Peut-on avoir confiance dans les résultats de modèles imparfaits ?

Autres réponse de : Hervé Le Treut

Les incertitudes de la modélisation limitent notre capacité de compréhension des climats passés et d’anticipation des climats futurs. Mais la connaissance de ces incertitudes permet de faire progresser cette compréhension et de renforcer la confiance que l’on peut avoir dans certains aspects des projections.

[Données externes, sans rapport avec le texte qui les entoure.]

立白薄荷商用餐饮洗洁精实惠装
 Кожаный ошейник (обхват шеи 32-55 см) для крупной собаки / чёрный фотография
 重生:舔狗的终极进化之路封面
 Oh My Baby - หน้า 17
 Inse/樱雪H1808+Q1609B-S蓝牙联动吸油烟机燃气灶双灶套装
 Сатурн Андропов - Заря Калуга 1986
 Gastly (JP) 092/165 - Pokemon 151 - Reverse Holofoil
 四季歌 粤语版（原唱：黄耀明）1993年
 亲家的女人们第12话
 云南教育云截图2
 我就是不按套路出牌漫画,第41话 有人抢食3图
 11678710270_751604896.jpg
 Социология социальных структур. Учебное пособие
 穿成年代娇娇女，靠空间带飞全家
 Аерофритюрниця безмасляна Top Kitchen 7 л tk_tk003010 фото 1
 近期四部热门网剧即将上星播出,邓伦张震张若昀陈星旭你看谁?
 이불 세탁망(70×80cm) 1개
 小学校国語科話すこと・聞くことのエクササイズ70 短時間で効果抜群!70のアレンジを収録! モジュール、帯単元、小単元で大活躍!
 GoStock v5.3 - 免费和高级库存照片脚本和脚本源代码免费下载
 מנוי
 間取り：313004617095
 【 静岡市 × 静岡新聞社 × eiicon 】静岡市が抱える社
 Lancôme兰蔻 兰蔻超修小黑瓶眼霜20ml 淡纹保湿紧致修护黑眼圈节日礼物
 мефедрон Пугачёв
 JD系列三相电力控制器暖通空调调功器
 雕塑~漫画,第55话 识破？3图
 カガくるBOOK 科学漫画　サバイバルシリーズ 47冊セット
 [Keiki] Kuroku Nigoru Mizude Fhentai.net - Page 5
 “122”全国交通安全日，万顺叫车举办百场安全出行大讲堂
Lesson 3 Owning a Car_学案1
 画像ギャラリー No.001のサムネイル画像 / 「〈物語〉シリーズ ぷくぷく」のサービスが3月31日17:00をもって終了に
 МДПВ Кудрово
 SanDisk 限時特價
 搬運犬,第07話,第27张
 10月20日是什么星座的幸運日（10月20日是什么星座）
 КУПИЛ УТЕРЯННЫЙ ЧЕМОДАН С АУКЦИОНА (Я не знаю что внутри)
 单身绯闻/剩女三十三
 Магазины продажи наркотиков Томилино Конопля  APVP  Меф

Une des principales sources d’incertitude des modèles climatiques concerne leurs données d’entrée. En effet, les équations résolues numériquement par les modèles font intervenir des paramètres associés à la représentation de processus physiques ou dynamiques (parfois chimiques) de petite échelle, dits sous maille. Ces paramètres ont généralement un sens physique et peuvent être mesurables (pouvoir réfléchissant d’une surface d’un type donné…) ou bien résultent d’un ajustement empirique (coefficients décrivant un processus de mélange…). Dans les deux cas, leurs valeurs sont connues avec plus ou moins de précision. Dans les incertitudes liées aux données d’entrée, il faut aussi prendre en compte les conditions initiales pour les modèles utilisés en mode prédictif.

Une deuxième source d’incertitude résulte de la représentation imparfaite du monde réel à partir d’un ensemble d’équations, du traitement numérique de ces équations et de l’absence de représentation de certains processus potentiellement importants, qu’ils soient connus (dégazage de méthane lié à la fonte du pergélisol par exemple) ou inconnus. Cette deuxième source d’incertitude est donc directement liée à la structure des modèles.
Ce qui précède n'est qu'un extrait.